_Records contained in a dataset_
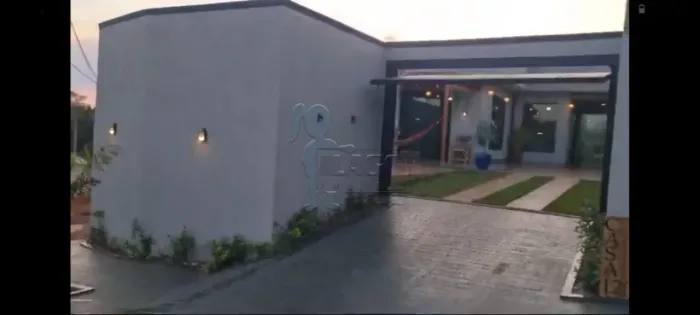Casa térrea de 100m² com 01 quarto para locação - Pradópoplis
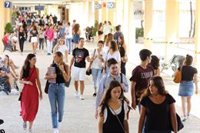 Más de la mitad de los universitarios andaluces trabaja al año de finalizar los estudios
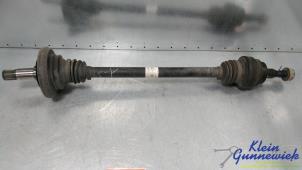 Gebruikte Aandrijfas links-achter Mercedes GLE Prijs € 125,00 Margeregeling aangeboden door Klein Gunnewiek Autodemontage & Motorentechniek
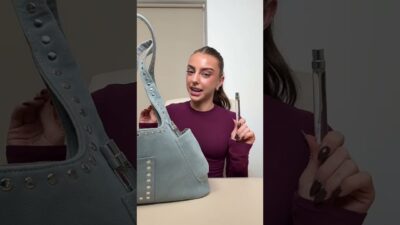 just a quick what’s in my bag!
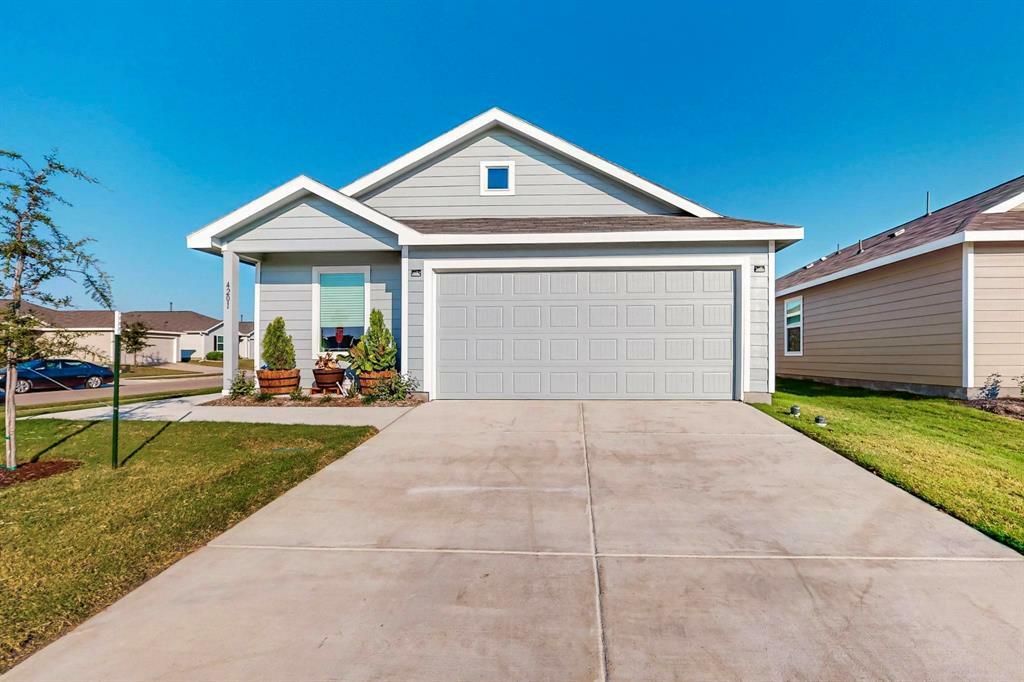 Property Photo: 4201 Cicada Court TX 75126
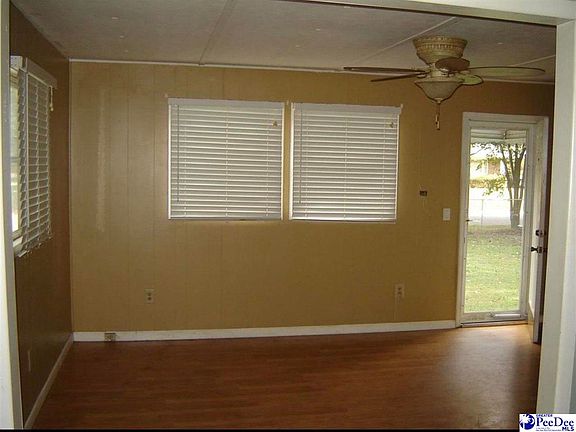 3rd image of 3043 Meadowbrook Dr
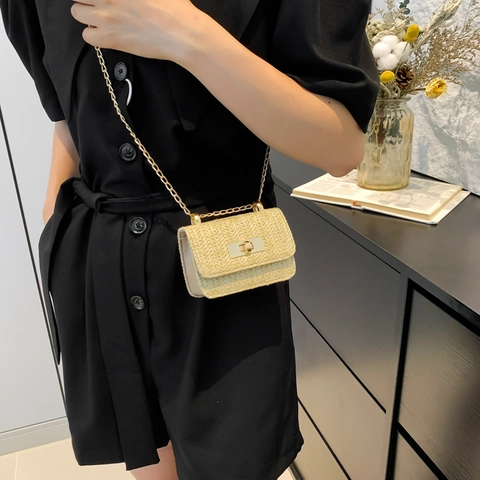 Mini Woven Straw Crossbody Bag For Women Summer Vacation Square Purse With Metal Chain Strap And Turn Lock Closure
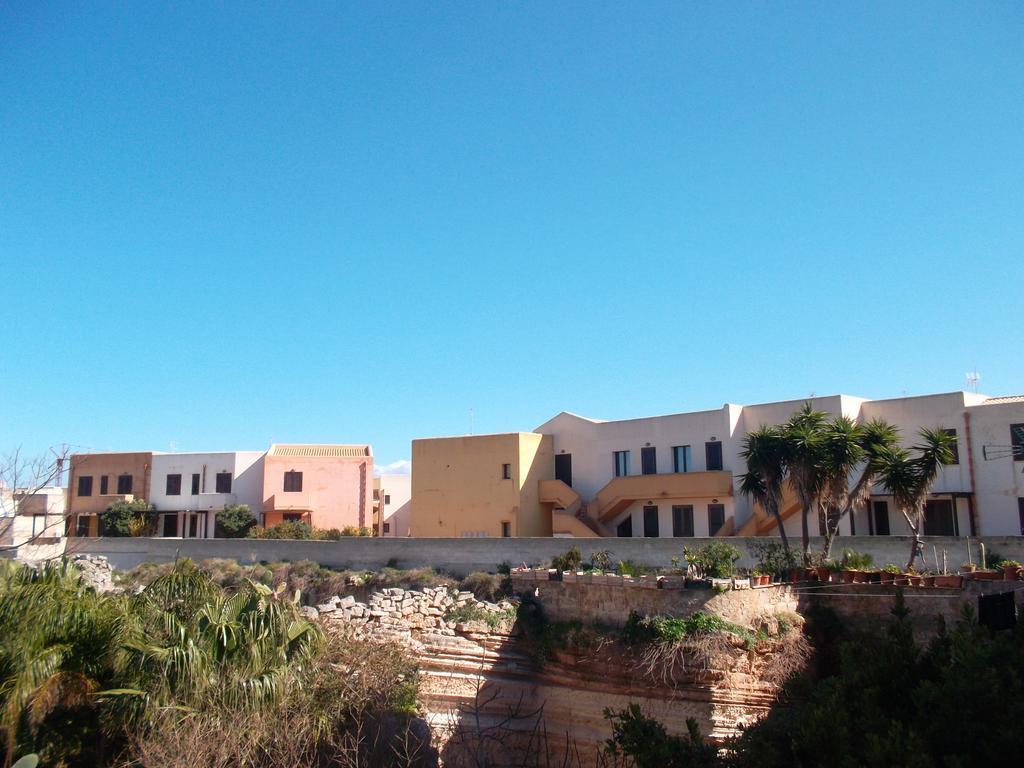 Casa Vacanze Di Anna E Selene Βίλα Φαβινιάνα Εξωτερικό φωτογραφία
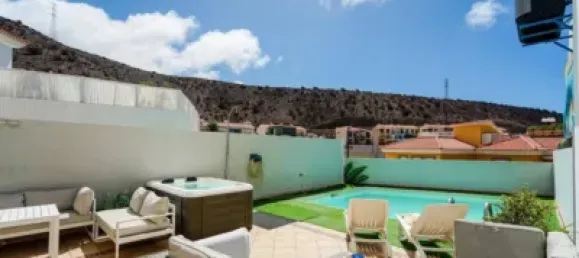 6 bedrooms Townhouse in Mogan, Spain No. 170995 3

_TASK PROMPT_
Apart from the images, the entries above must be returned without alteration.

_OUTPUT FOR THIS TASK_
Casa térrea de 100m² com 01 quarto para locação - Pradópoplis
 Más de la mitad de los universitarios andaluces trabaja al año de finalizar los estudios
 Gebruikte Aandrijfas links-achter Mercedes GLE Prijs € 125,00 Margeregeling aangeboden door Klein Gunnewiek Autodemontage & Motorentechniek
 just a quick what’s in my bag!
 Property Photo: 4201 Cicada Court TX 75126
 3rd image of 3043 Meadowbrook Dr
 Mini Woven Straw Crossbody Bag For Women Summer Vacation Square Purse With Metal Chain Strap And Turn Lock Closure
 Casa Vacanze Di Anna E Selene Βίλα Φαβινιάνα Εξωτερικό φωτογραφία
 6 bedrooms Townhouse in Mogan, Spain No. 170995 3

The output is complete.